ACTIVITY: Write out exactly the lines running from the one that contains "Load image into" through the end of the material.

⟨

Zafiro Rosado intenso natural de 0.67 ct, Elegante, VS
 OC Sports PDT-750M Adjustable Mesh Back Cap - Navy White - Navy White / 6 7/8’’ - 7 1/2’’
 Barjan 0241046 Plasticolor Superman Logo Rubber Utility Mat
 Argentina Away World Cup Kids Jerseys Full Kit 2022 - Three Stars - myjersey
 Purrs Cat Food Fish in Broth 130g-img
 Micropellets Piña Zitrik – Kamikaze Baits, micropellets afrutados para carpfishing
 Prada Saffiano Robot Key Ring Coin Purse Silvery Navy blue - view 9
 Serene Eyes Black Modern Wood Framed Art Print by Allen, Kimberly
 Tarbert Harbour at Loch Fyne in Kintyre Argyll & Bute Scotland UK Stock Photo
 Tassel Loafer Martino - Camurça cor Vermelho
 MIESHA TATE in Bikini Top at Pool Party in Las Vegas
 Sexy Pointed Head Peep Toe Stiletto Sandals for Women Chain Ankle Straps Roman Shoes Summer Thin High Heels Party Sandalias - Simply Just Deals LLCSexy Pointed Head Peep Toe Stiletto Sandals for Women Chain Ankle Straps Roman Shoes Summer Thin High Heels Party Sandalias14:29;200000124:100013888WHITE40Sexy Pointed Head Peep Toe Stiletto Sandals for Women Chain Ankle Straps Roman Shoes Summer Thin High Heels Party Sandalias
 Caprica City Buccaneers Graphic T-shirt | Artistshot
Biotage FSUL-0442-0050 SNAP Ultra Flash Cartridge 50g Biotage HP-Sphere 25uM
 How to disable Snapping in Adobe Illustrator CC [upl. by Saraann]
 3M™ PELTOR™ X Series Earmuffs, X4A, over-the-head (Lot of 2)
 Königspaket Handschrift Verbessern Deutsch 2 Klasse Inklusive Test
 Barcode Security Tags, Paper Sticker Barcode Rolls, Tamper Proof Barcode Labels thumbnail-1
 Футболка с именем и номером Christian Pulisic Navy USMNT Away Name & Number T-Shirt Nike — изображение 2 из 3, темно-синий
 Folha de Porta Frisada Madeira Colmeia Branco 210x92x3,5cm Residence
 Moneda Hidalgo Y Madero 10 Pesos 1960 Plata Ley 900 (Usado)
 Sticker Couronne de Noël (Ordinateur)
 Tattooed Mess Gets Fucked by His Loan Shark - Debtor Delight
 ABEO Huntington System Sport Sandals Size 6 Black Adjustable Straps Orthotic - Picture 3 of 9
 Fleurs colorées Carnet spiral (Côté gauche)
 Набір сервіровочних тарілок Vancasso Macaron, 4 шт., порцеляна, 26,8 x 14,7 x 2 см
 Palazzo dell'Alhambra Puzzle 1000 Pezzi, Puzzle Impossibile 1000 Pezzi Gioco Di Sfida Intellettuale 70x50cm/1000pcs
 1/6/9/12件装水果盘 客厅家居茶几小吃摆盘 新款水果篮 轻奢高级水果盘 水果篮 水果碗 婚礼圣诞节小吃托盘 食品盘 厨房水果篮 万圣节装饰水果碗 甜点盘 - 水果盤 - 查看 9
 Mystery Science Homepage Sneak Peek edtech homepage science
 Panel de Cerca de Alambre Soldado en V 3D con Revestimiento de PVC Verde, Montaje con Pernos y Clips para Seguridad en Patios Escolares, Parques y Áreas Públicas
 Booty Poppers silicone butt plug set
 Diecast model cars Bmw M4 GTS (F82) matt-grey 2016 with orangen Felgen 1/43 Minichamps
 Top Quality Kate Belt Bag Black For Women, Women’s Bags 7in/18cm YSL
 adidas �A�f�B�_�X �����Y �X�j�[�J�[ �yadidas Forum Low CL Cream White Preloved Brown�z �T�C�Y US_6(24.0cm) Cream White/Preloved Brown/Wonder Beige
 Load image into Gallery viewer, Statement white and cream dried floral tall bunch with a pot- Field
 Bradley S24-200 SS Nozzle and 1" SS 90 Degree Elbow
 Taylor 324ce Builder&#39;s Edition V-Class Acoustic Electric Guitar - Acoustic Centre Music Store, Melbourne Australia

⟩

RESULT OF THIS EXERCISE:
 Load image into Gallery viewer, Statement white and cream dried floral tall bunch with a pot- Field
 Bradley S24-200 SS Nozzle and 1" SS 90 Degree Elbow
 Taylor 324ce Builder&#39;s Edition V-Class Acoustic Electric Guitar - Acoustic Centre Music Store, Melbourne Australia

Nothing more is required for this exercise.